S11-009 Delayed fluorescence: An in vivo method for electron

S11-009
Delayed fluorescence: An in vivo method for electron transport studies and
on line applications in limnology.
V Gerhardt1 and U Bodemer2
1 Department of Physics, University of Regensburg, Universitätsstr. 31, D-93040
Regensburg; e-mail: [email protected]
2 Department of Botany, University of Vienna, author’s address: Schlüsselacker-Str. 8, D93161 Sinzing; e-mail: [email protected]
Keywords: delayed fluorescence, electron transfer, excitation spectroscopy, phytoplankton,
primary productivity
Abstract. Delayed fluorescence (DF) only occurs in living plant cells. DF is a measure of the
photosynthetic activity and it is the result of an electron hole recombination fluorescence (680
–740 nm) at the reaction center P680 during dark-adaptation after light absorption by photosynthetically active pigments (chlorophylls, xanthophylls and phycobilins). DF can be observed over several minutes until a charge equilibrium between inner and outer side of the thylakoid membrane is reached. DF is an intrinsic fluorescence label of the efficiency of charge separation at P680 and a useful tool to investigate processes in photosynthesis, discriminating
especially between processes occurring within the antenna or the electron transport chain.
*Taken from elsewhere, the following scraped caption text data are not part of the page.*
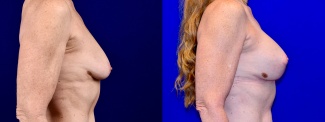 Right Profile View - Breast Augmentation with Lift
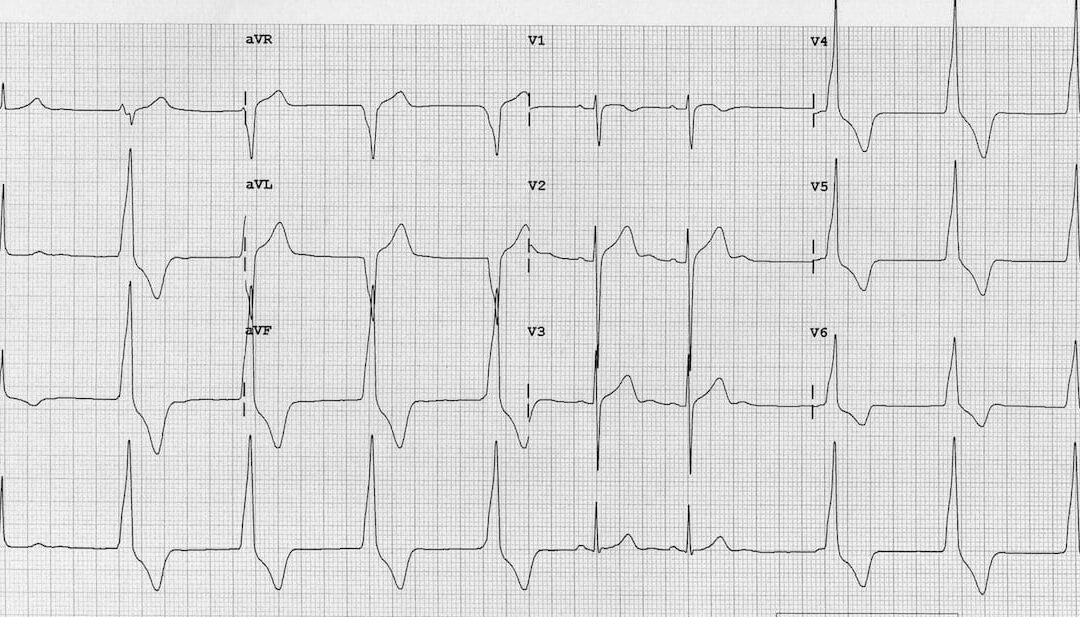 Accelerated-Idioventricular-Rhythm-AIVR-ECG-1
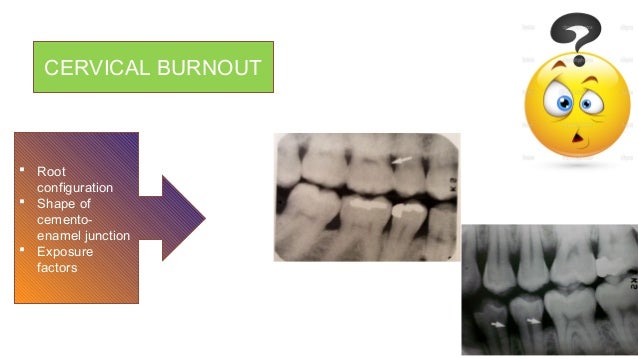 Mach Band Effect In Dentistry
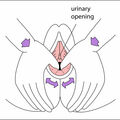 perineal_massage.jpg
The decay kinetic of the DF depends on the distribution of electrons and holes within the
entire electron transport chain and the charging of the thylakoid membrane. Therefore, it is
influenced e.g. by 1) electron blockers (herbicides), 2) the ratios of the pumping rates at PSI
and PSII and 3) availability of CO2. The DF decay curve can be used to determine the
concentration of photosynthetically active pigments and primary productivity.
Exciting a cell suspension (algal cultures, phytoplankton or chloroplasts) by monochromatic
light (400–730 nm) DF action spectra can be measured and photosynthetically active pigments of different algal classes can be discriminated. DF excitation spectra change due to
growth conditions (e.g. high light) which influence the exciton transfer within the antenna and
the efficiency of charge separation at the reaction center P680.
Introduction
Delayed fluorescence (DF) only occurs in photosynthetically active material and is emitted
from living cells with decay times from milliseconds to minutes. Research on the complex
behavior of the DF (Strehler and Arnold 1951, Malkin 1977, Amesz and Gorkom 1978) have
shown that DF decay kinetics can be used to determine in vivo the concentration of photosynthetically active pigments in freshwaters (Gerhardt et al. 1981, Krause et al, 1982, 1987).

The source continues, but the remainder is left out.